C pointer/array value confusion

The "value" of an array is the address of the first element. You can see that in your results. If you printed:

printf("vals: one.s = 0x%x, one.e[0] = 0x%x\n",one.s,one.e[0]);

then you should get the same answers.

The 'value' of e is it's address

The name of an array is just a marker for it's address so arrayname and &arrayname are the same thing

An array in any context except the operand of the & operator or the sizeof operator evaluates to the address of its first element.

Moreover your code is full of undefined behavior because you are using %x to print pointers. %x is only valid if the (promoted) type of the expression passed is unsigned int.
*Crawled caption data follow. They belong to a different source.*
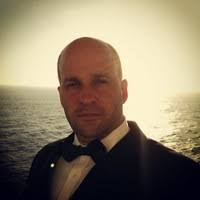 40+ "Samuel Drury" profiles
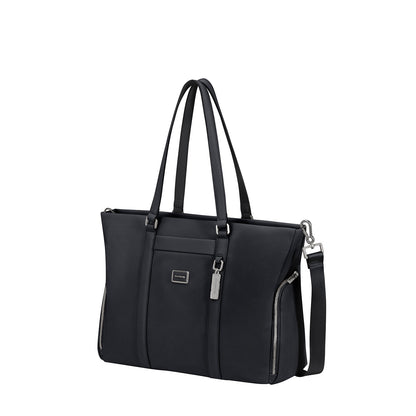 Samsonite Image Biz Travel Tote Bag 14.1" black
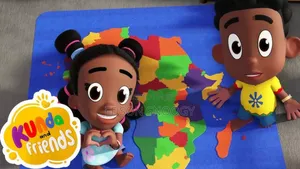 Lower Primary Teacher Needed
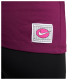 Nike Γυναικεία αμάνικη μπλούζα Dri-FIT Icon Clash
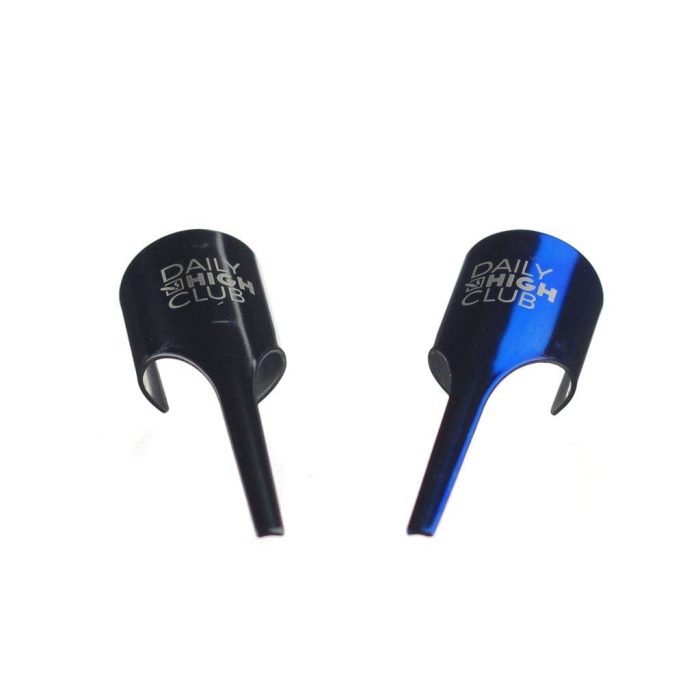 c82519fe3ae673ce0aa903a735cfd395.jpg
The compiler treats statically allocated arrays differently than a float ptr. You can see this in gcc by compiling with the -S flag. Here is the code for the first and second printf statements:

printf("adrs: &one.s = 0x%x, &one.e = 0x%x\n", &one.s, &one.e);
    movl    $.LC0, %eax
    leaq    -16(%rbp), %rdx
    leaq    -16(%rbp), %rcx
    movq    %rcx, %rsi
    movq    %rax, %rdi
    movl    $0, %eax
    call    printf

printf("vals: one.s = 0x%x, one.e = 0x%x\n",one.s,one.e);
    movq    -16(%rbp), %rcx
    movl    $.LC1, %eax
    leaq    -16(%rbp), %rdx
    movq    %rcx, %rsi
    movq    %rax, %rdi
    movl    $0, %eax
    call    printf

You can see that there are two "load effective address" instructions for the first call (&one.s and &one.e), but only one such command for the second printf call. The "leaq -16(%rbp), %rdx" command moves the address %rbp-16 (2 bytes less than the the address store in the %rbp register) into the %rdx register, where it is then used by the printf command to fill in the output for one.e. In the first version, this command is repeated to load the same address into %rcx.

In the second version, the %rcx register is populated via the "movq -16(%rbp), %rcx" command. Unlike "leaq", "movq" is an instruction to perform a lookup in memory for the value at the address specified (%rbp-16).